Whistleblower zeros in on sketchy product reviews
His suspicions were justified
Most of us read consumer reviews, right? Amazon, eBay, Apple iTunes Store, Google Play Store, etc. According to an annual survey put on by BrightLocal, 88% of consumers trust online reviews. And 85% of consumers read up to 10 reviews before committing to a product or business. High numbers. No wonder Bell Canada took the bull by the horns and encouraged employees to post ‘glowing’ reviews about it’s two phone apps.
Around this time last year, Bell Canada launched a new version of a phone app and immediately the response online was electric. The app quickly amassed glowing, five-star reviews on Apple’s iTunes App Store.
Reviewers often remain anonymous, and because of this the legitimacy of many online reviews is becoming a growing concern in the digital world. If you really take a good hard look at any review, you’ll see inconsistencies in spelling, grammar, etc. Well one bright whistleblower noticed something different about these particular reviews – they were too perfect.
Scott Stratten, president of UnMarketing, a company that writes about unethical marketing tactics, knew there was something amiss when reading some of these reviews. He thought some of the language used was suspicious. For example: “Excellent new app. Looking forward to updates with residential services.” He said that these are “just words that you do not say in real life.” So he decided to start cross checking reviewers’ user names with LinkedIn profiles where people list their work status. He discovered many of the positive reviewers were actually Bell employees.
Not only that – they were quite senior level employees – ‘Vice President of IT Bell Mobility, ‘Senior Project Manager at Bell’, etc.
Initially, Bell Canada warned employees to stop planting glowing, five-star reviews. But critics weren’t convinced this warning took heed. More than 24 hours after Bell fessed up to CBC News that some staff planted positive reviews, the posts were still prominently featured on the iTunes store. Hours later, these reviews could still be seen. Makes you wonder just how serious Bell took these allegations.
Now, Canada’s Competition Bureau has slapped Bell Canada with a $1.25 million fine for encouraging employees to plant fabulous online reviews for two company phone apps. In a ruling, the Competition Bureau stated that it “determined that these reviews and ratings created the general impression that they were made by independent and impartial consumers and temporarily affected the overall star rating for the apps.
A high-level mistake
How do high-level staff fall prey to this type of activity?
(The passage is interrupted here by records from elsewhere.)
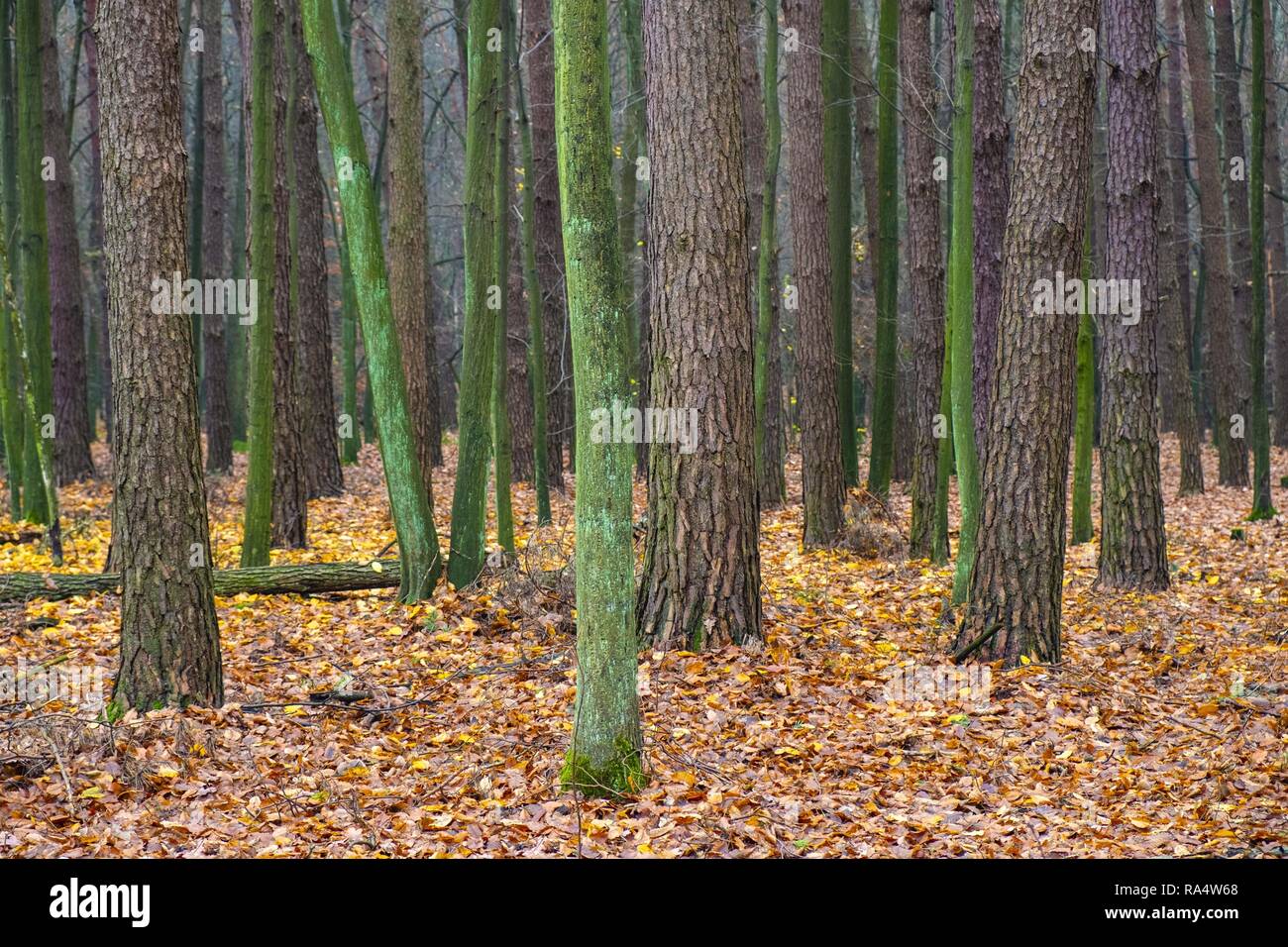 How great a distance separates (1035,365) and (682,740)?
3.39m

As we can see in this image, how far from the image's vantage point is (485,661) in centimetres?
757

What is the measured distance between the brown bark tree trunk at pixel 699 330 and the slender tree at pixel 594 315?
6.95 feet

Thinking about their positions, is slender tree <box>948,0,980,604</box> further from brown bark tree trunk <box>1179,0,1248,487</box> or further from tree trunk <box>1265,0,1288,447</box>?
tree trunk <box>1265,0,1288,447</box>

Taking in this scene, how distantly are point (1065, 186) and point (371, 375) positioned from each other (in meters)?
5.06

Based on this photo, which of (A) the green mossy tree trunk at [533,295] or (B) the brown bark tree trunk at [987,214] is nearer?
(B) the brown bark tree trunk at [987,214]

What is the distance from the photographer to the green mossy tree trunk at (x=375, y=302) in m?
8.09

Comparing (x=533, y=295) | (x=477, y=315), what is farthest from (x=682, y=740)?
(x=533, y=295)

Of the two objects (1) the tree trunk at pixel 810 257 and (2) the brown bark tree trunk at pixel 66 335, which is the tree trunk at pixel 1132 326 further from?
(2) the brown bark tree trunk at pixel 66 335

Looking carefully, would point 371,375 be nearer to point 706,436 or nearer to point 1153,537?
point 706,436

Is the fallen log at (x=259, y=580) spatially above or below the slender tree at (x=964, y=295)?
below

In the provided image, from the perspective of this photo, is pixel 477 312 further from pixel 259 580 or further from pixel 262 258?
pixel 259 580

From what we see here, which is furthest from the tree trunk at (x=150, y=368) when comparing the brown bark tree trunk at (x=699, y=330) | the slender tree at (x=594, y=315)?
the brown bark tree trunk at (x=699, y=330)

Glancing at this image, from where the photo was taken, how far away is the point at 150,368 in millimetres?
6000

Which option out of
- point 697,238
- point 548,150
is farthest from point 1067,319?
point 548,150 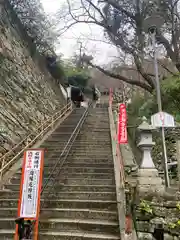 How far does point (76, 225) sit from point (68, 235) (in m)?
0.32

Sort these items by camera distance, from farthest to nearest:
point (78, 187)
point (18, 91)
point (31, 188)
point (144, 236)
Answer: point (18, 91), point (78, 187), point (144, 236), point (31, 188)

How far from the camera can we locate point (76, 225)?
4988 mm

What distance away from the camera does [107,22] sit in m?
15.0

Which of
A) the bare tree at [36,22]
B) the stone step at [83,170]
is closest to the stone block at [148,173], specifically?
the stone step at [83,170]

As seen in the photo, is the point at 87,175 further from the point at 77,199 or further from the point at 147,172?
the point at 147,172

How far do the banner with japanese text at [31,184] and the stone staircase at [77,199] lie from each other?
3.96 feet

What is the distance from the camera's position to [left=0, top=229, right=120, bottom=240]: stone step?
4574 mm

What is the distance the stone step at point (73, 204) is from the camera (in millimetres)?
5520

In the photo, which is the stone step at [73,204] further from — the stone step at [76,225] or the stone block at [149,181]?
the stone block at [149,181]

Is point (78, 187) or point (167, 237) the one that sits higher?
point (78, 187)

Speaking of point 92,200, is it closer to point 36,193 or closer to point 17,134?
point 36,193

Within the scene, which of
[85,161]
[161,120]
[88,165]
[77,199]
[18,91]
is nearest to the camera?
[161,120]

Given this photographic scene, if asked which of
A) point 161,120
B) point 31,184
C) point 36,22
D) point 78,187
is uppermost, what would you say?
point 36,22

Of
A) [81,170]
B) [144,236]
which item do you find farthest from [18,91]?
[144,236] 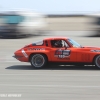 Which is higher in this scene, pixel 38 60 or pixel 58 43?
pixel 58 43

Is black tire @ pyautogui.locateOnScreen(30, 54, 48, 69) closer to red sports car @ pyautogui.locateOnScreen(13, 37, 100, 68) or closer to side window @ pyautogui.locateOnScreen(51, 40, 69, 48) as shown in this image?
red sports car @ pyautogui.locateOnScreen(13, 37, 100, 68)

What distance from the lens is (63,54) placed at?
1390 cm

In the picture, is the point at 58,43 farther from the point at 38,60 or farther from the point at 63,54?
the point at 38,60

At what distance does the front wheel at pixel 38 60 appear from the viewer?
14072 mm

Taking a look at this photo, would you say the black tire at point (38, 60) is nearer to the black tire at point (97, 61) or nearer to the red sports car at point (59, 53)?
the red sports car at point (59, 53)

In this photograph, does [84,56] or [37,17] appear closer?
[84,56] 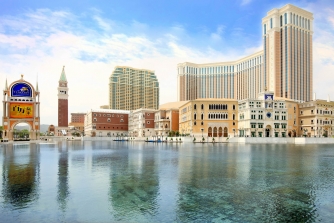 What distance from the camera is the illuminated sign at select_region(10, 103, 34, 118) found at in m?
105

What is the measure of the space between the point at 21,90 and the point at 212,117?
215 feet

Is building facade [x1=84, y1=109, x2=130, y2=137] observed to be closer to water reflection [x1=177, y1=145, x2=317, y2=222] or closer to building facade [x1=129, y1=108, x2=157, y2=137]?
building facade [x1=129, y1=108, x2=157, y2=137]

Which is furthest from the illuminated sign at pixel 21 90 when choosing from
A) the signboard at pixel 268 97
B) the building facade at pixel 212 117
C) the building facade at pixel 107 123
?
the signboard at pixel 268 97

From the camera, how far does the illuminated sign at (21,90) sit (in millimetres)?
104438

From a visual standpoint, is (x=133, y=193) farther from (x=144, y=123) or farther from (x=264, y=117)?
(x=144, y=123)

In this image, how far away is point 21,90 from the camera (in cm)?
10531

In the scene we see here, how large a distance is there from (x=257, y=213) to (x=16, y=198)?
Result: 1452cm

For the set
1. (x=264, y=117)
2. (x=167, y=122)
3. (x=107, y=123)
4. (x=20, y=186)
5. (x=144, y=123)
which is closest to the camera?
(x=20, y=186)

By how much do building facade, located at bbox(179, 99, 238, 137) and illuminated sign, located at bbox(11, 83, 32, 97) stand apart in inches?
2201

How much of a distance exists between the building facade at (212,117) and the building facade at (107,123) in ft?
215

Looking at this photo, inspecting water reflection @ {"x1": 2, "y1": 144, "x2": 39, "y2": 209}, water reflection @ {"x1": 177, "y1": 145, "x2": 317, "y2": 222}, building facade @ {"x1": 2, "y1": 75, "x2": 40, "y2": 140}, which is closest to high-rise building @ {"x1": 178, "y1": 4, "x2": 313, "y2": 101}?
building facade @ {"x1": 2, "y1": 75, "x2": 40, "y2": 140}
Scott Stratten says “it would be like me going on Amazon and reviewing [my] new book.” It amounts to the same thing. He adds that the online peer-review concept is based on trust. “You’ve got to trust the reviews that they’re impartial, that they’re from other users and that they’re true. And that’s exactly why something like this shouldn’t happen.
How did it happen? The very top level let it happen. Somewhere along the line, the company’s policies and procedures got lost in the shuffle. Perhaps forgotten altogether. Organization leaders need to walk-the-walk and lead by example. And it’s important to assign a senior level executive(s) to oversee and implement an organization’s compliance program, and provide enough resources to ensure that the organization’s compliance program is implemented effectively.
When things like this happen to companies, it speaks to a company’s lack of respect for their own customers. It also speaks to a lack of respect for the app developers who put a lot of time and effort into their work. They lose out from fake reviews of their products. It definitely erodes brand trust.
Needless to say, the whistleblower, Scott Stratten, is very pleased by this latest outcome. He says “with no repercussion to an action, there’s no reason not to do it again.” And that’s exactly how fraud and other misconduct can potentially become ‘part of the norm’ of any given company. With the fine now handed down to Bell Canada, this sends a clear message that ethics are important.